Em 2002, o conhecimento o trouxe ao Brasil, convidado pelo empresário Jacques Benchetrit para aplicar a técnica na rotisserie Paola di Verona, em São Paulo. Vieram depois uma sociedade com Alex Atala no Dalva e Dito e uma consultoria para o Grupo Pão de Açúcar.

Em 2015, Poletto passou a se dedicar integralmente ao Bistrot de Paris. Ali, incorporou todas as técnicas desenvolvidas nas décadas anteriores e aplicou à produção do seu próprio restaurante.

Carnes como a paleta de cordeiro ou de leitão, cozidas por horas a baixa temperatura, podem ser produzidas em grandes quantidades, refrigeradas e regeneradas no momento do serviço. Isso reduz perdas, garante padrão e amplia a capacidade de atendimento de uma cozinha que ocupa os cômodos de uma casa em uma antiga vila.

“Se você me tira o sous vide daqui, eu fecho o bistrô”, disse, ao resumir o peso da técnica para sua operação.

‘Não’ para propostas de expansão

A consolidação veio não apenas da fidelidade de muitos dos clientes mas também no foco de Poletto em manter o negócio com a mesma estrutura “familiar” com a qual cresceu na França.

O empresário disse que recebe propostas para transformar a marca em franquia ou expandir para outras cidades, mas que rejeita sempre. “Se eu virar uma franquia, deixo de ser bistrô”, disse.

Um dos pontos centrais é que ele disse temer perder o controle de detalhes que considera inegociáveis. “Imagine alguém me falar que não posso mais usar manteiga francesa e tenho que trocar por margarina.

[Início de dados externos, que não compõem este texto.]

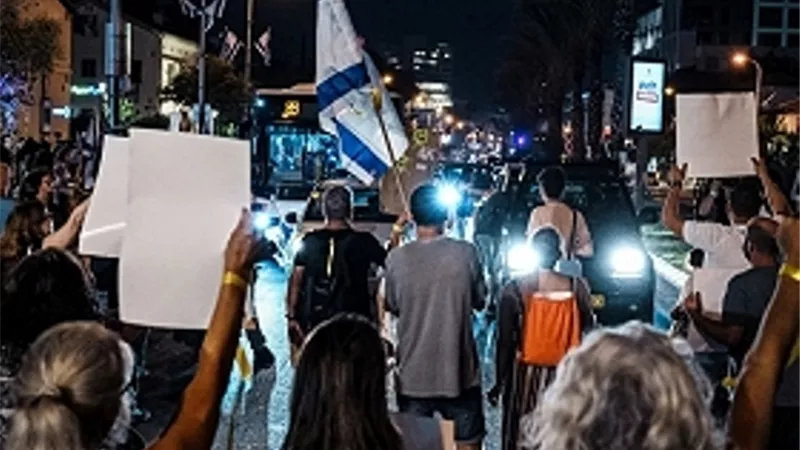 دعوات إسرائيلية للإفراج عن الأسرى الفلسطينيين مقابل تحرير المحتجزين بغزة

Eu vou ficar doente”, contou.

Esse controle se estende ao dia a dia. Poletto acompanha pessoalmente as operações, treina funcionários e ainda cuida da manutenção.

“Às vezes coloco o short no domingo à noite para pintar o bistrô ou trocar as lâmpadas. Eu aprendi isso com meu pai: no bistrô, você faz tudo”, disse.

Em 2023, ao completar 50 anos de carreira, Poletto foi homenageado pelo governo francês com o título de Cavaleiro da Ordem do Mérito Agrícola, concedido a quem presta serviços notáveis à agricultura e à gastronomia.

O prêmio reconheceu sua contribuição científica com o sous vide e sua trajetória de professor e chef dedicada à difusão da cozinha francesa no Brasil.

“Foi muito emocionante, porque lembrei do meu pai e da minha mãe. Acho que eles estariam orgulhosos de ver que consegui recriar aqui o que eles tinham lá atrás”, disse.